Tuesday 5 September 2017

Book Review: The Battle, Alessandro Barbero

Comprehensive and well laid out, The Battle really benefits from Barbero's use of short pithy chapters. Each is enjoyably punchy and succinct, and the large number, and rapid progress you can make through them, make for a galloping good read.

I'd have liked a glossary, 'cast list' and order of battle. Regarding the latter, he explains, as indeed do most recent writers on such subjects, that armies on the ground never matched their theoretical or 'paper' strengths. But even so, a concentrated listing of units and numbers involved (perhaps as an appendix?), even if approximate, would have made for a reference as handy, and to my mind as essential, as good maps. 

Talking of maps, the maps here are all grouped together near the front of the book, and are okay, although I've seen clearer/better.
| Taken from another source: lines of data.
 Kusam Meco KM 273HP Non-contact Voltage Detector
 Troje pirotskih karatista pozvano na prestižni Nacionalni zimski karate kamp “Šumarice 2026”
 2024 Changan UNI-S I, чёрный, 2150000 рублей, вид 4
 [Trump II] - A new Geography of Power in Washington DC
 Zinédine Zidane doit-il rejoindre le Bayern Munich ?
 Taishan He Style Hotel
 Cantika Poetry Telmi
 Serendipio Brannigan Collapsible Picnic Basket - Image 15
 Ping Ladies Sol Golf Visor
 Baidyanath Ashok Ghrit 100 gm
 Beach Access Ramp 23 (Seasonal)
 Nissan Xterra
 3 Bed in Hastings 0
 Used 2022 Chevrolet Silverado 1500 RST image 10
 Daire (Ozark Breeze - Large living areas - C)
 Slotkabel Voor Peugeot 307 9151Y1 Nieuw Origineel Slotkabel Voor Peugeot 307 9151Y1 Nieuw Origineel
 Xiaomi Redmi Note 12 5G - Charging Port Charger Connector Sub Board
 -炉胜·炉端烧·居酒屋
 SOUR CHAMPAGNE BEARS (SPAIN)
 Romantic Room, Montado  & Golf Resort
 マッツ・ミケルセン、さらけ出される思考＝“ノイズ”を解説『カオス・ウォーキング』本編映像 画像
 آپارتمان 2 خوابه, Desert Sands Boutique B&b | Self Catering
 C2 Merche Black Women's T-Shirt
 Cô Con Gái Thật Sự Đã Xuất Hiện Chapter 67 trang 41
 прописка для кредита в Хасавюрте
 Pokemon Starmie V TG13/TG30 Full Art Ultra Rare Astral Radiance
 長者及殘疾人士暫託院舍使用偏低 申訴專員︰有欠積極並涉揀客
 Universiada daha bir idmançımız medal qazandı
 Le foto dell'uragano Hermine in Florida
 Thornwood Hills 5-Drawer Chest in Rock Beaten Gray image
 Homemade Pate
The inclusion of a portion of the Ferrari & Capitaine map - see image below - as used by Boney (and also the source for Wellington's maps), is a nice touch. There are also a good number of evocative illustrations.

There's an immense amount of interesting and indeed often exciting detail, as the concentrated carnage ebbs and flows along what remains an unusually contracted front, given the overall numbers that were involved at Waterloo. Barbero's writing is excellent, and he does a superb job of evoking the excitement of the battle, capturing it in all it's horrifying and gory glory. 

The grand scale of this intense battle is humanised by Barbero's liberal peppering of his narrative with piquant observations from participants, making for a gripping read. This is the sort of exciting history that can kickstart a lifelong passion for a subject. I was glued to The Battle from start to finish, and thoroughly enjoyed it, so I'd recommend it highly.